***** Provided data *****
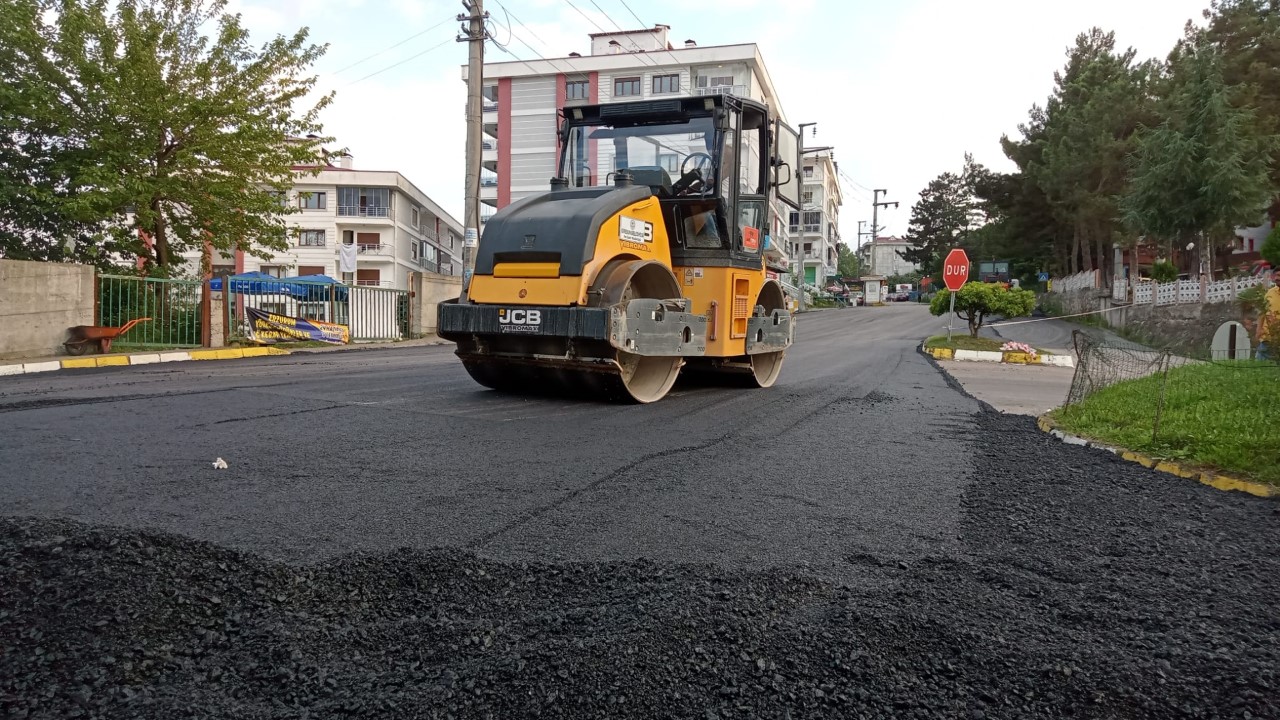 BELEDİYE KAYADİBİ YOLUNU PAS GEÇTİ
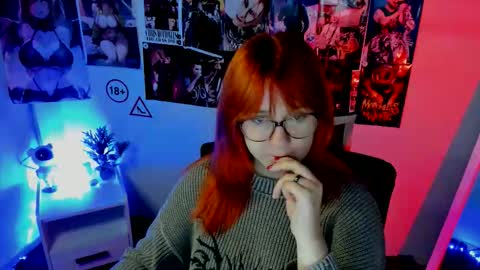 Snapshot of margaret_red chatting on 14, 10, 2025 Margaret online show from 14, 10, 2025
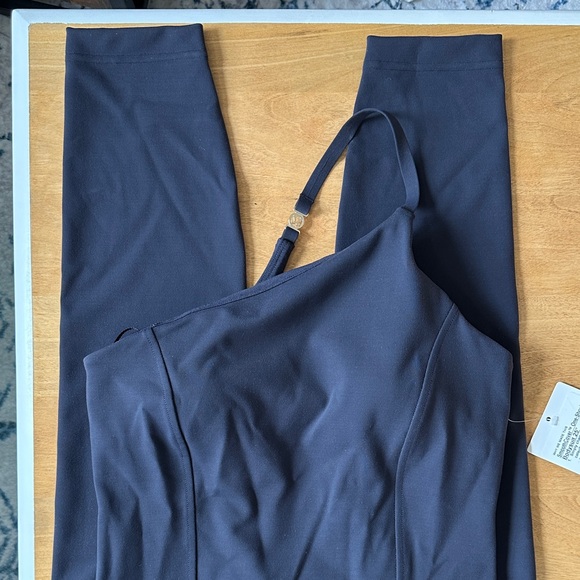 NEW Lululemon Athletica One-Shoulder Bodysuit - Picture 2 of 9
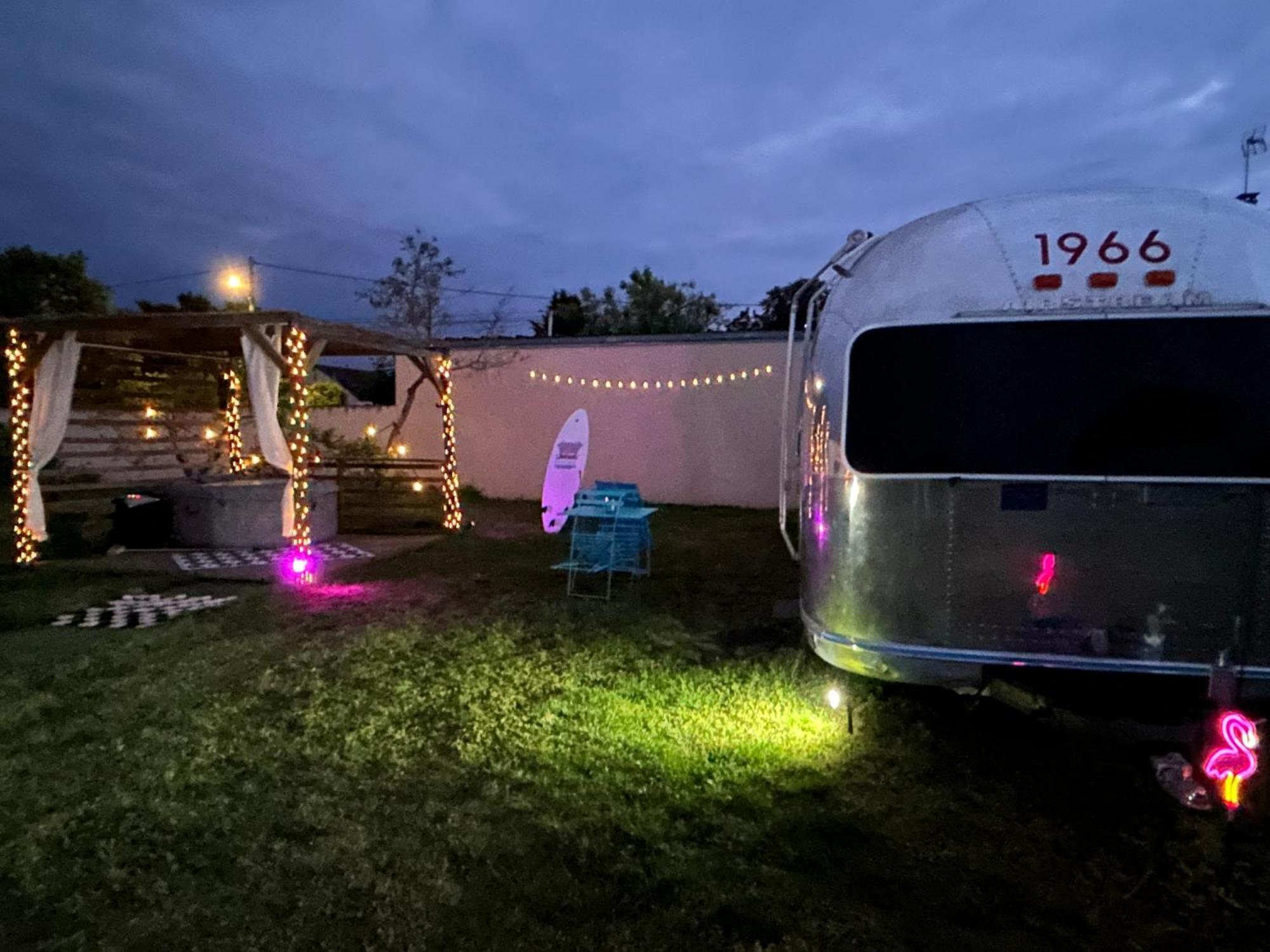 Vintage Camp Hotel Chabris Екстериор снимка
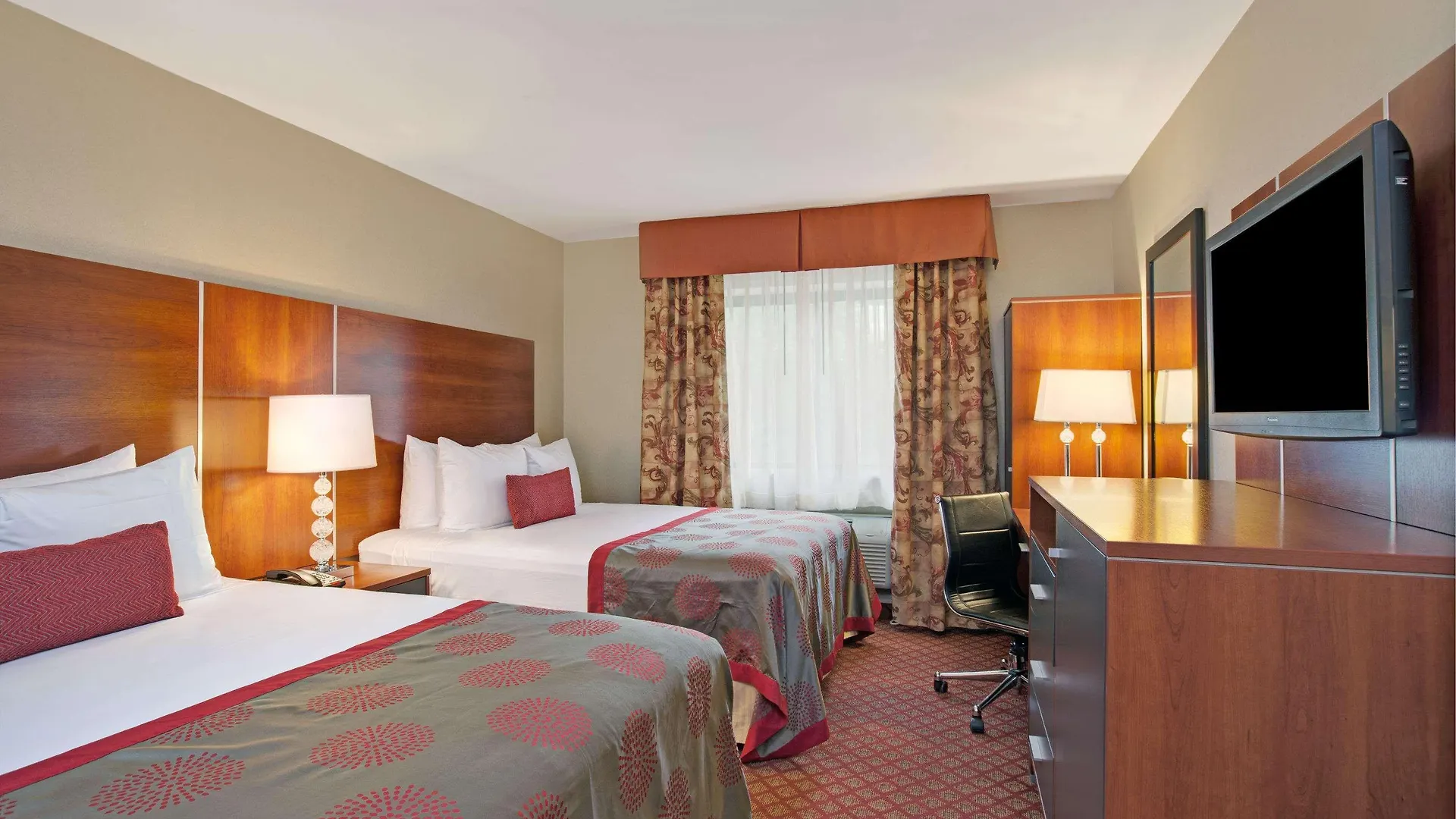 Ramada By Wyndham Staten Island New York Hotel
*****
Assignment: When you reach the line containing "NEW Lululemon Athletica" in the records above, write out that line and every line after it through the end, exactly, but omit the pictures.

Response to this exercise:
 NEW Lululemon Athletica One-Shoulder Bodysuit - Picture 2 of 9
 Vintage Camp Hotel Chabris Екстериор снимка
 Ramada By Wyndham Staten Island New York Hotel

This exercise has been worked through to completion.